Start of SUPPLIED INFORMATION

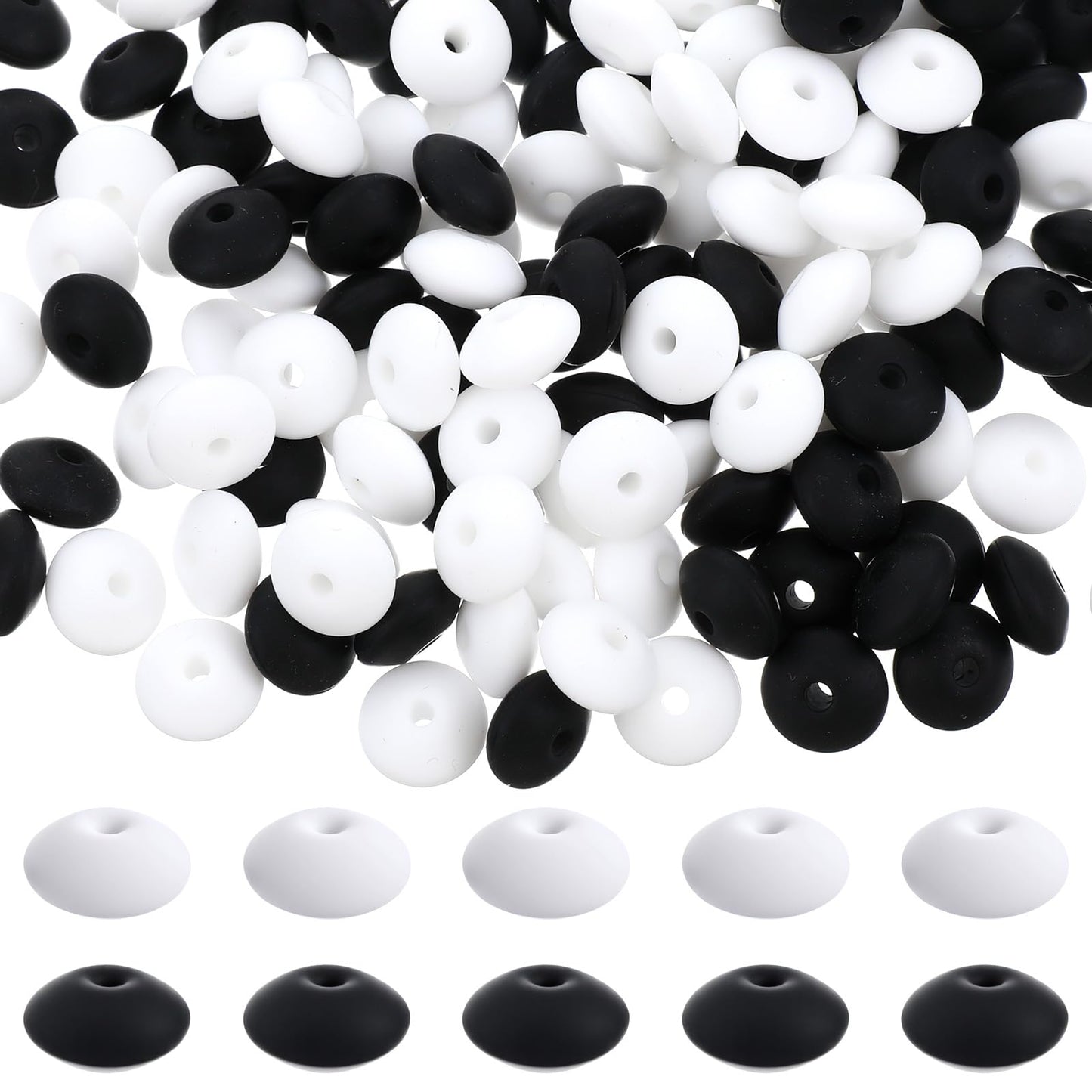 200 PCS Silicone Lentil Beads 12mm Abacus Silicone Beads Black and White 12mm Lentil Bead Bulk Kit Spacer Bead for Keychain Making Pens Necklace Bracelet Jewelry DIY Crafts Accessories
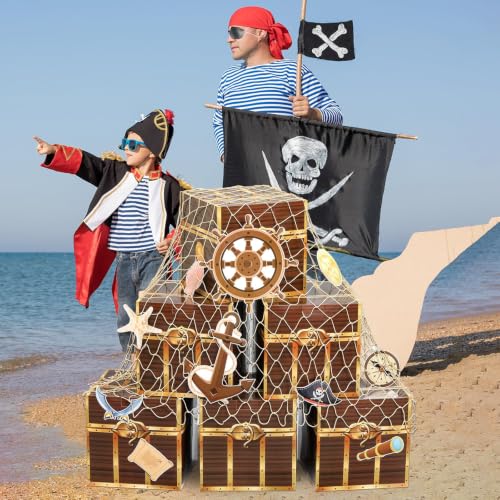 Pirate Party Decorations Kit with Treasure Chest Boxes, Cards & Fishing Net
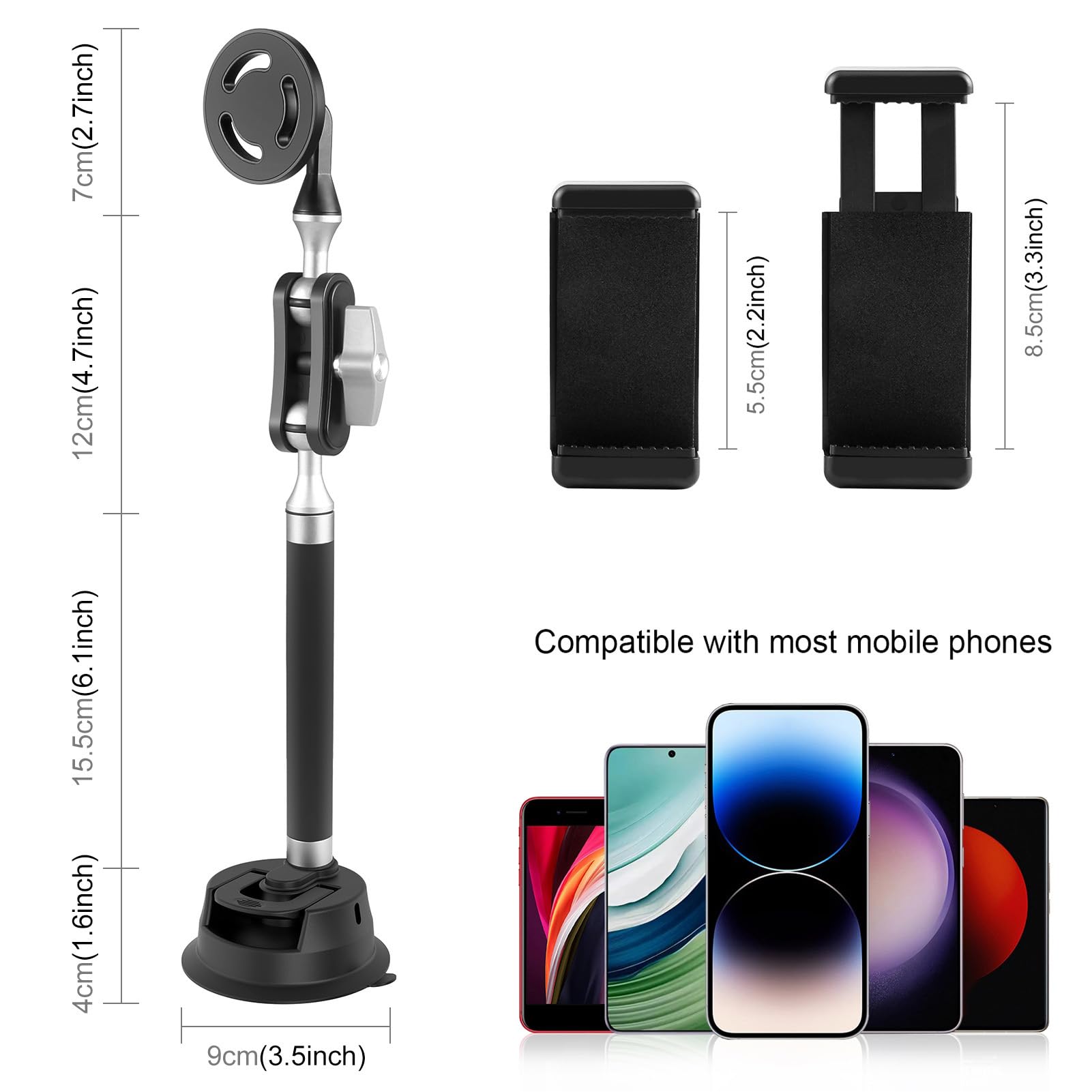Supporto per Telefono per Auto Supporto a Ventosa Universale Forte e Potente per Parabrezza, Cruscotto, per Telefono a Ventosa per Carichi Pesanti Regolabile a 360° con Cuscinetto in Gel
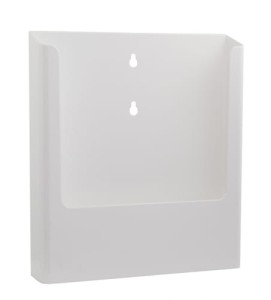 Wieszana kieszeń podajnik na ulotki A4 – biała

End of SUPPLIED INFORMATION

■ WHAT YOU NEED TO DO:
From the first line to the last, copy the listing above exactly and leave out the images.

■ SOLUTION:
 200 PCS Silicone Lentil Beads 12mm Abacus Silicone Beads Black and White 12mm Lentil Bead Bulk Kit Spacer Bead for Keychain Making Pens Necklace Bracelet Jewelry DIY Crafts Accessories
 Pirate Party Decorations Kit with Treasure Chest Boxes, Cards & Fishing Net
Supporto per Telefono per Auto Supporto a Ventosa Universale Forte e Potente per Parabrezza, Cruscotto, per Telefono a Ventosa per Carichi Pesanti Regolabile a 360° con Cuscinetto in Gel
 Wieszana kieszeń podajnik na ulotki A4 – biała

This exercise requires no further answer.